My name is Bridget White-Kumar. I’m a Cookery Book Author, Food Consultant and Culinary Historian. I’ve authored 7 Recipe books on Anglo-Indian Cuisine. My area of expertise is in Colonial Anglo-Indian Food and I have gone through a lot of effort in reviving the old forgotten dishes of the Colonial Raj Era. My Recipe books are a means of preserving for posterity the very authentic tastes and flavours of Colonial ‘Anglo’ India, besides recording for future generations, the unique heritage of Anglo-Indian Cuisine. I take up professional assignments and conduct Cooking Workshops and training sessions in Colonial Anglo-Indian Cuisine at Restaurants, Hotels and Clubs and large hospitality house such as The Oberoi Mumbai, The J W Marriot New Delhi, The Taj Group of Hotels such as the Taj Conemara Chennai, Taj West End Bangalore, Vivanta by Taj Whitefield, The Sujan Luxury group – Rajmahal Palace Jaipur and Sher Bagh Ranthambore, The Pricol Group Coimbatore, Ivy Unwind Resort, The Whitefield Arms Bangalore, Bow Barracks Bangalore, Bangalore Club, etc I also assist in organizing Anglo-Indian Food Festivals and Culinary Events I also conduct Cooking Classes for small groups.
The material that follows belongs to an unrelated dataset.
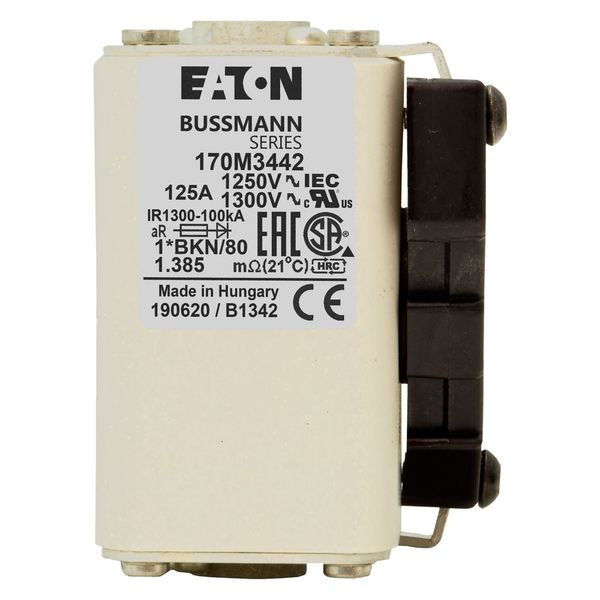 Fuse-link, high speed, 125 A, AC 1250 V, compact size 1, 45 x 59 x 81 mm, aR, IEC, UL, single indicator image 15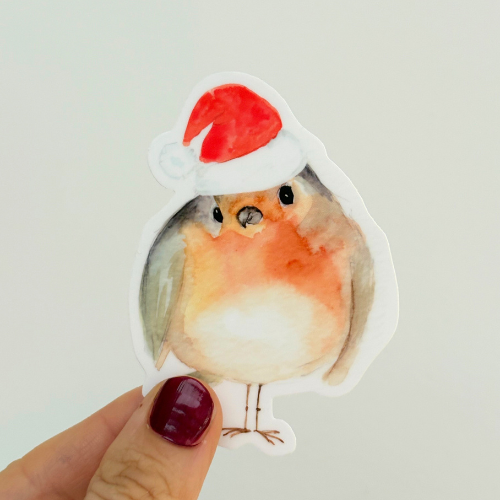 Robin in Christmas Hat - Sticker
I can be contacted on Tel +919845571254 – Email: firstname.lastname@example.org – website: www.anglo-indianfood.com
A SHORT NOTE ON ANGLO-INDIAN CUISINE
Anglo-Indian Cuisine is a fusion of both Western and Indian Cuisine and is perhaps the earliest example of FUSION FOOD. This cuisine evolved over many years as a result of reinventing and reinterpreting the old quintessentially western cuisine by assimilating and amalgamating ingredients and cooking techniques from all over the Indian sub-continent. A completely new contemporary cuisine came into existence making it truly “Anglo” and “Indian” in nature, which was neither too bland nor too spicy, but with a distinctive flavour of its own, comfortably straddling both cultures. This cuisine became a direct reflection of the multi-cultural and hybrid heritage of the new Colonial population and is the only cuisine which includes with much élan in its “Carte du jour”, the very Indian oriented ‘Curry’ on the one hand and the very European Traditional ‘Roasts’ on the other.
Anglo-Indians are basically Non-vegetarians. They are lovers of red meat, so Beef, pork, mutton / lamb was used extensively in their cuisine and featured as part of their main dishes every day. Vindaloos and Curries were prepared with meat and chicken.Many of the dishes have rhyming alliterative names like Dodol, kalkal, Ding-Ding, Pish-Pash, Chicken Flouries, etc. The very nomenclature of the dishes is unique and original and synonymous only to the Anglo-Indian Community In the olden days, cooking would take up practically the whole day since everything had to be prepared from scratch. The ‘Curry stuff’ or ‘Masalas’ had to be ground manually on a grinding stone by the Ayah and the food slow cooked over firewood.
However, due to the influences of various factors, Colonial Cuisine is slowly getting extinct. Many of the old traditional Colonial dishes are not prepared these days and the Recipes of many of them have died with the older generation who cooked with intuition and memory rather than a written recipe. It has therefore become imperative to preserve those very authentic tastes and flavours and record for future generations the unique heritage of the pioneers of this cuisine.
With this in mind I’ve brought out 7 Recipe Books on exclusive Anglo-Indian Cuisine. This Collection of Recipes is compiled with the intention of reviving the old tastes of the Colonial Era, and thereby preserving the old Flavours and tastes. The easy-to-follow directions make cooking these old, popular, sumptuous dishes simple, enjoyable and problem-free.
I’m sharing many of the recipes from my books on my websites for people to have an idea of my recipes.